> [Information shown]
__________________________________________________

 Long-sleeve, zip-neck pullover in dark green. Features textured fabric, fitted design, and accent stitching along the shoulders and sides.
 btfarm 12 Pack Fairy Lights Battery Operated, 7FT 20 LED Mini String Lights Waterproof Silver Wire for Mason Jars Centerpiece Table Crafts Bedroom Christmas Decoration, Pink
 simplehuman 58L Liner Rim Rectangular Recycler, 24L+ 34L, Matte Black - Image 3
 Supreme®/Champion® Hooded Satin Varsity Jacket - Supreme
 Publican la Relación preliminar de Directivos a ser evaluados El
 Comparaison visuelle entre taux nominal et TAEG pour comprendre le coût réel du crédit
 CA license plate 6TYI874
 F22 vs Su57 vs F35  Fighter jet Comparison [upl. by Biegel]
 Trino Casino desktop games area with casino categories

__________________________________________________

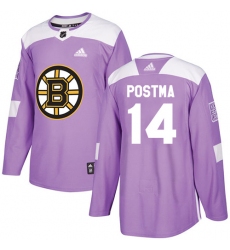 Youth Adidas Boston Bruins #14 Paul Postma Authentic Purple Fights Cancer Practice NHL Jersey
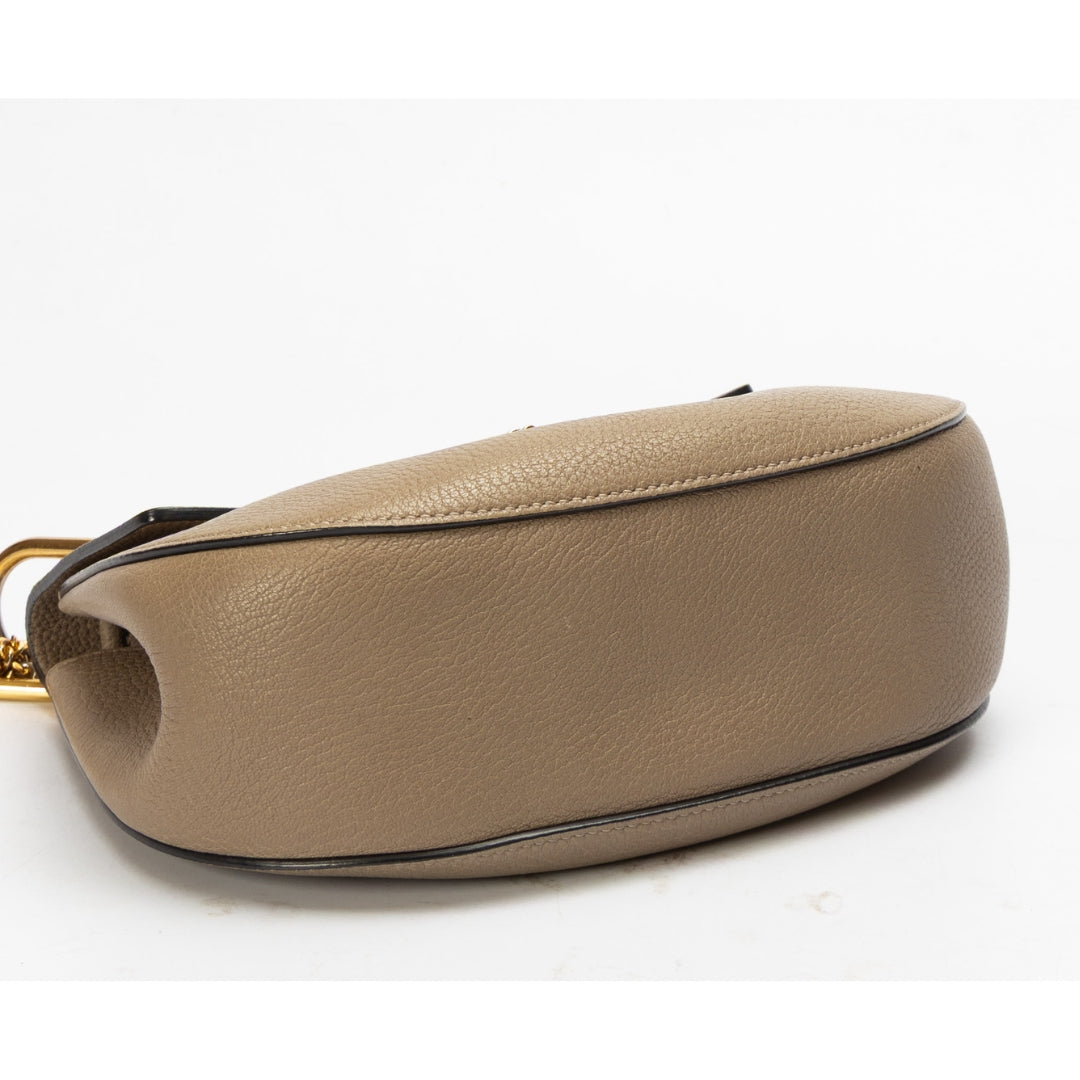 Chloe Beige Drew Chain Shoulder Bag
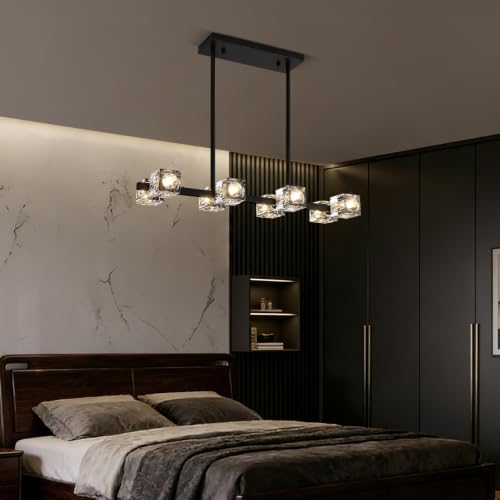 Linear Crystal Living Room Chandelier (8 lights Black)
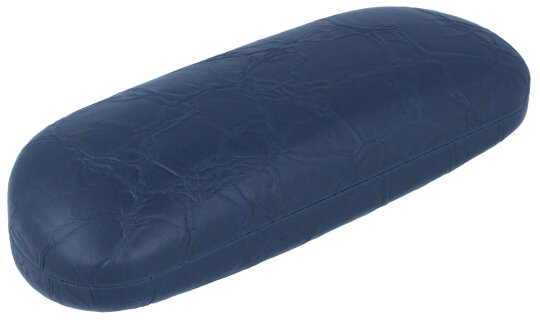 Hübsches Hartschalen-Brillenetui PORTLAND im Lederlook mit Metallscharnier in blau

__________________________________________________

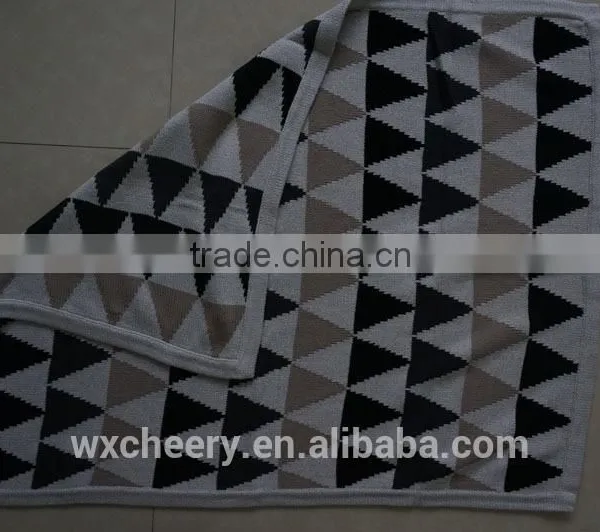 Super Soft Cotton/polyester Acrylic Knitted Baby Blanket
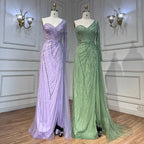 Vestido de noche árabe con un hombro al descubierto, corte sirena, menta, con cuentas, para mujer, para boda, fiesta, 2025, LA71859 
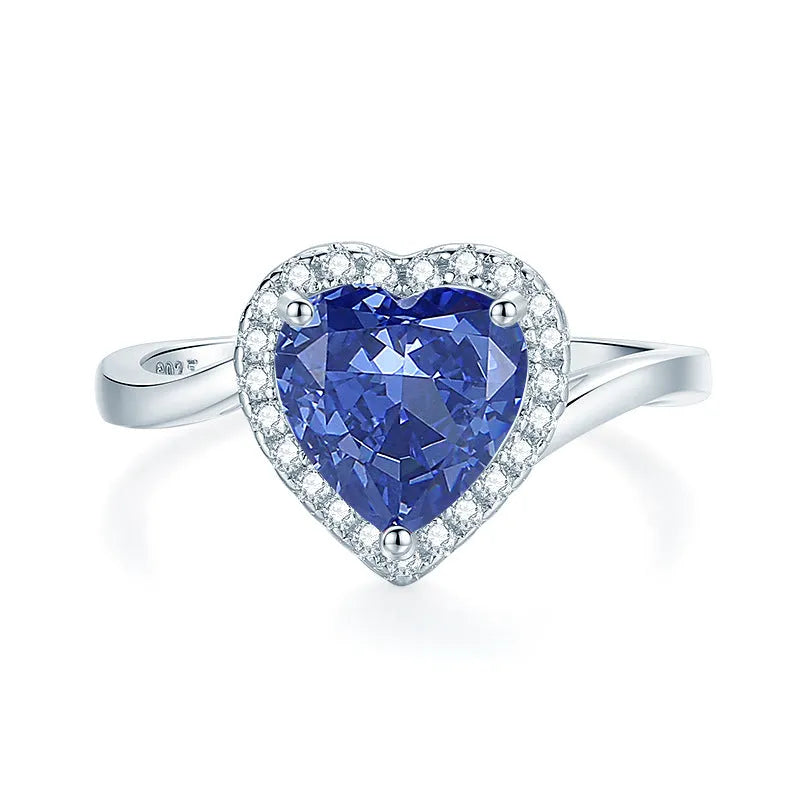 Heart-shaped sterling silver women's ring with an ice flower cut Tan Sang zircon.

__________________________________________________

> [Exercise prompt]
Lines wanted from the entries above: the one with "Vestido de noche", the one with "Heart-shaped sterling silver", and all lines between. Please copy them exactly, without the pictures and without anything else.

> [Answer box]
 Vestido de noche árabe con un hombro al descubierto, corte sirena, menta, con cuentas, para mujer, para boda, fiesta, 2025, LA71859 
 Heart-shaped sterling silver women's ring with an ice flower cut Tan Sang zircon.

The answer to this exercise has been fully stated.